A primeira questão que tem que ficar clara é que o prefeito nunca foi investigado. Segundo, a democracia nos estabeleceu, na lei infraconstitucional, competência. O Ministério Público é o dono da ação penal, o juiz julga. Tudo que o delegado me pediu, eu mandei entregar.

Se alguém fez besteira, seja ex-secretária, seja servidor público, seja privado, que devolva o dinheiro e que vá para a cadeia.

Não tem lei para caráter. A corrupção, você tem que combater sempre, mas ela é uma doença. Ela não vai acabar. Temos que combater e ter cada vez instrumentos mais fortes para proibi-la.
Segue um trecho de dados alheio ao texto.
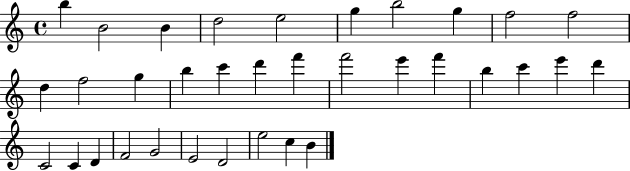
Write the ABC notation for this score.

X:1
T:Untitled
M:4/4
L:1/4
K:C
b B2 B d2 e2 g b2 g f2 f2 d f2 g b c' d' f' f'2 e' f' b c' e' d' C2 C D F2 G2 E2 D2 e2 c B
  • O senhor prometeu um governo de parcerias e concessões. O governo de Estado tem dificuldade para fiscalizar serviços concedidos. Acredita ter capacidade regulatória para promover mais PPPs e concessões?

O mundo inteiro tem concessão de serviço público. A diferença é que as agências regulatórias do mundo inteiro são agências que funcionam. Concessão de serviço público tem três coisas fundamentais: um edital bem feito, o contrato que nasce do edital e uma agência reguladora que funcione. Eu espero que o governador Eduardo Leite reformule a Agergs. Ele está dizendo que vai fazer e que faça mesmo, porque independente de parceirizar o Dmae, a lei federal, pelo Marco Regulatório (do Saneamento), nos obriga a aderir a uma agência reguladora eu já determinei que vai ser a Agergs.

Eu jamais faria uma concessão sem um pente fino para que todas as pessoas que precisam de tarifa social tenham que ser atendidas. Não vou fazer uma concessão deixando gente de fora.

E o dinheiro que vem de lá (da concessão) é drenagem urbana na veia.

  • O senhor saiu mais forte das urnas. Quais os planos?

Continuar sendo prefeito. Prefeito, prefeito, prefeito. E entregar uma cidade melhor no final de 2028.